Our target is `Price`, which is strong relationship to many features. However, the variables outside our target exhibit multicollinearity, such as: City MPG - Highway MPG, year-one owner, and Engine features-Engine Type, Engine Displacement(L), Engine Type, City, Highway MPG, etc.

We can also use **`variance_inflation_factor`** to diagnose the multicollinearity. Typically, a high VIF value (usually greater than 10) is an indicator of significant multicollinearity. It means that the variance of the coefficient estimate for that variable is 10 times larger than it would be if there were no multicollinearity. 

In [None]:
# Import library for VIF
from statsmodels.stats.outliers_influence import variance_inflation_factor

def calc_vif(x):
    vif = pd.DataFrame()
    vif["variables"] = x.columns
    vif["VIF"] = [variance_inflation_factor(x.values, i) for i in range(x.shape[1])]
    return vif

So, let's  drop some features: 

In [None]:
df2=cleaned_df.drop(['Engine Type', 'Engine Features','City MPG','interior_color', 'personal_use_only', 'driver_rating','seller_rating'], axis =1)
df2

In [None]:
heat_map(df2, cleaned_df.columns.tolist())

In [None]:
calc_vif(df2.drop('price', axis=1))

These are the important features that we will use to fit our models:
**year,
mileage	,
one_owner	,
driver_reviews_num,	
Highway MPG	,
manufacturer,	
transmission,	
drivetrain,	
fuel_type,	
exterior_color,	
Engine Displacement (L),** in dataframe `df2`

<a id="7"></a>
<font color = 'blue'>
## **7. Data Splitting**


In [None]:
X = df2.drop('price', axis =1)
Y= df2['price']

In [None]:
random_state=0

In [None]:
X_train, X_test, y_train, y_test = train_test_split(X, Y, test_size=0.3, random_state=random_state)

In [None]:
print(X_train.shape, X_test.shape, y_train.shape, y_test.shape)

<a id="8"></a>
<font color = 'blue'>
## **8. Models Evaluations and Predictions**
   

<a id="81"></a>
<font color = 'blue'>
### **8.1 Multiple Linear Regression**
   

<a id="811"></a>
<font color = 'blue'>
* #### **8.1.1. Using Sequential Feature Selection for the Linear Regression**
      

Let's try the **Sequential Feature Selection** method to choose 10-15 significant variables for our model.

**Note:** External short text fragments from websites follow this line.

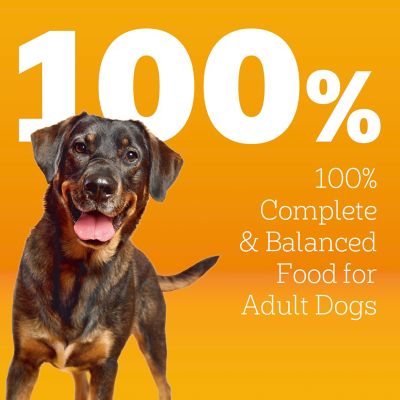 Image showing  Adult High-Protein Beef and Lamb Recipe Dry Dog Food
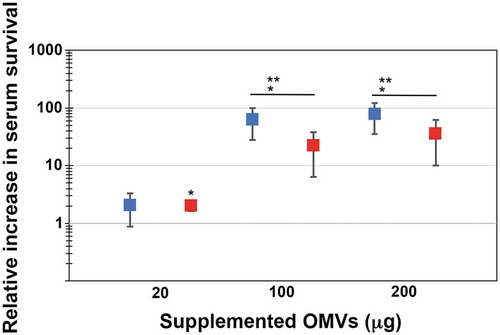 Figure 1. Enhanced serum survival of A. actinomycetemcomitans strain D7SS ompA1 ompA2 upon supplementation of OMVs. A. actinomycetemcomitans cells were incubated in 50% normal human serum (NHS) at 37°C for 1 h. The assay was performed in the absence or presence of 20, 100, and 200 μg of OMVs, respectively, as indicated. Bacterial serum survival was determined by viable count, and shown is the increase (fold change) in survival relative to incubations in vesicle-free controls (50% NHS in PBS). Supplemented OMVs were obtained from the wild-type strain D7SS (blue squares), and D7SS ompA1 ompA2 (red squares), respectively. Shown are means ± SEM from four independent experiments. *P < 0.05 vs control. **P < 0.05 vs supplementation of 20 μg of OMVs. P > 0.05, D7SS OMVs vs D7SS ompA1 ompA2 OMVs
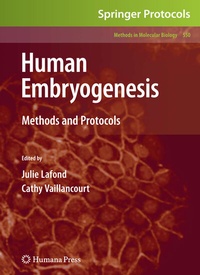 Abbildung von: Human Embryogenesis - Humana Press Inc.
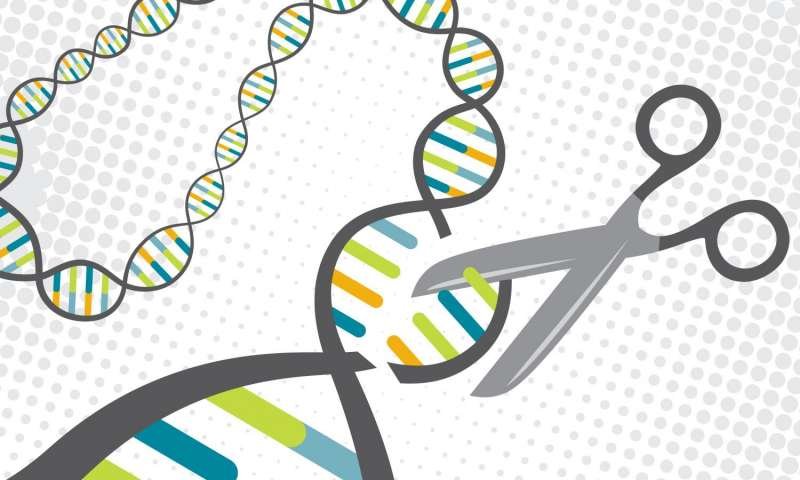 Genome Editing: A Game Changer Technology for Re-designing Life Forms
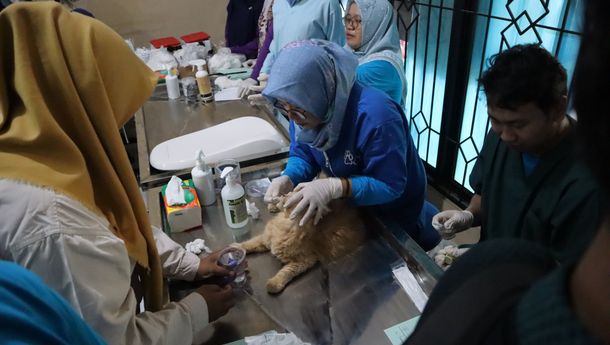 Lampung Perkuat Swasembada Protein Hewani, Targetkan Zero Rabies 2030
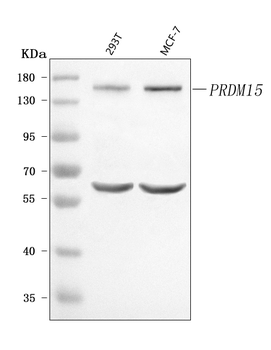 PRDM15 Antibody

Learn more: [Sequential Feature Selection](https://scikit-learn.org/stable/modules/feature_selection.html#removing-features-with-low-variance) (Forward/ Backward)


In [None]:
lasso_reg=Lasso(fit_intercept= True, random_state = random_state)
sfs = SequentialFeatureSelector(lasso_reg, direction ='forward',  n_features_to_select=8).fit(X_train, y_train)

In [None]:
best_features=sfs.get_feature_names_out()
best_features

In [None]:
heat_map(df2, best_features)

**We will use these features to fit our models**

In [None]:
metrics_df = pd.DataFrame(columns=['Model', 'MAE', 'MSE', 'R2']) # these metrics are used to evaluate our models

In [None]:
X_train=X_train[best_features]
X_test=X_test[best_features]

In [None]:
LR = LinearRegression(fit_intercept=True)
LR.fit(X_train, y_train)
y_pred = LR.predict(X_test)

In [None]:
mae = mean_absolute_error(y_test, y_pred)
mse = mean_squared_error(y_test, y_pred)
r2 = r2_score(y_test, y_pred)

print("Model 1 MAE:", mae)
print("Model 1 MSE:", mse)
print("Model 1 R2:", r2)

In [None]:
# Add a constant term to your X_train (if not already included) for the intercept
X_train1 = sm.add_constant(X_train)

# Create a linear regression model
model = sm.OLS(y_train, X_train1)

# Fit the model
results = model.fit()

# Display the summary
print(results.summary())

In [None]:
# Assuming you have already fitted your linear regression model and have predictions
# Create a scatterplot of fitted values vs. residuals
residuals = y_test - y_pred  # Calculate the residuals

# Create a scatterplot
plt.figure(figsize=(8, 6))
plt.scatter(y_pred, residuals, alpha=0.5)
plt.title('Residuals vs. Fitted Values')
plt.xlabel('Fitted Values')
plt.ylabel('Residuals')

# Add a horizontal line at y=0 for reference
plt.axhline(y=0, color='r', linestyle='--')

plt.show()

This indicates that there may be a **violation of the assumption of linearity** in our linear regression model. This pattern suggests that the relationship between the independent variables (**features**) and the dependent variable (`price`) is not adequately captured by a simple linear model.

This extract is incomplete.